Moscow Protesters Call Local Elections Rigged

Russian opposition candidate Ilya Yashin speaks to a crowd next to a bas-relief of Vladimir Lenin, during a protest in Moscow on Sunday. (AP photo/Pavel Golovkin)

MOSCOW (AP) — Russian opposition leaders led a rally in Moscow of about 1,000 people Sunday to protest the city election commission’s decision that will keep several opposition candidates off the ballot in a local election.

The unsanctioned rally was billed as a meeting between opposition leaders and voters after the Moscow election commission rejected signatures needed to qualify the candidates for the September city parliament election.

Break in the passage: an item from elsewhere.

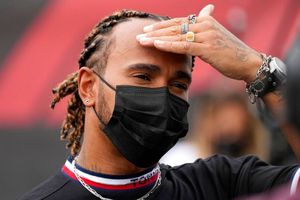 Lewis Hamilton: 'Considerando lo complicado que fue el viernes, estoy muy contento'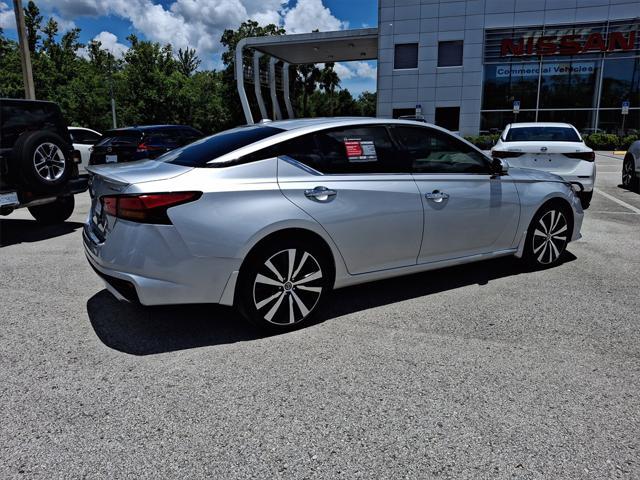 used 2022 Nissan Altima car, priced at $25,990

Demonstrators chanted “We are the authority here!” and “Putin is a thief.”

Police made no effort to intervene until later in the evening, after the protest crowd had largely dispersed and opposition leaders called for the remaining participants to stage an overnight sit-in at the election commission.

Alexei Navalny, Russia’s most prominent opposition leader, was not seen at the protest. The demonstration was led, in various stages, by opposition figures Dmitry Gudkov, Ilya Yashin and Lyubov Sobol.

“We were collecting the signatures under rain and in the heat,” Gudkov said. “And you know what (the election commission) told us yesterday? They told us that our signatures are fake. Many of the people who gave me their signatures are here today. Friends, do you agree?”

The crowd responded: “No!”

Yashin, one of the disqualified candidates, called on the crowd to march with him to the mayor’s office to state their election demands. They knocked on the doors of city hall, but no one answered.

“I think this is outrageous,” Sergei Bukharov, a former Moscow parliament press officer told The Associated Press outside city hall. “And what they say at the election commission, how they explain why they don’t admit independent candidates, it’s all lies. Those signatures are real.”

Opposition activist Sobol, who also is fighting to be on the September ballot, urged protesters to continue down the street to the election commission.

“They are stealing our elections. They are stealing our future,” Sobol said, accusing Moscow Mayor Sergei Sobyanin of ordering the rejection of the signatures.

The march began fading out after three hours, though a few hundred protesters remained outside the election commission as of 7 p.m. Moscow time (GMT 16:00.)

An election commission spokesman told Yashin that chief Valentin Gorbunov would not meet with the demonstrators Sunday since he was spending the weekend at his cottage outside the city, the Ekho Moskvy radio station reported.

About 30 said they would stage a sit-in overnight in the courtyard of the commission’s offices. Moscow police intervened a little over an hour later, dispersing the holdouts and arresting Yashin, Sobol, and several other opposition candidates.

As of 9 p.m. Moscow time (GMT 18:00), at least 38 protesters had been detained, according to arrest monitoring group OVD-Info.

Yashin tweeted from the back of a police van that the demonstration had been brutally dispersed and that he was being detained with at least 20 other people.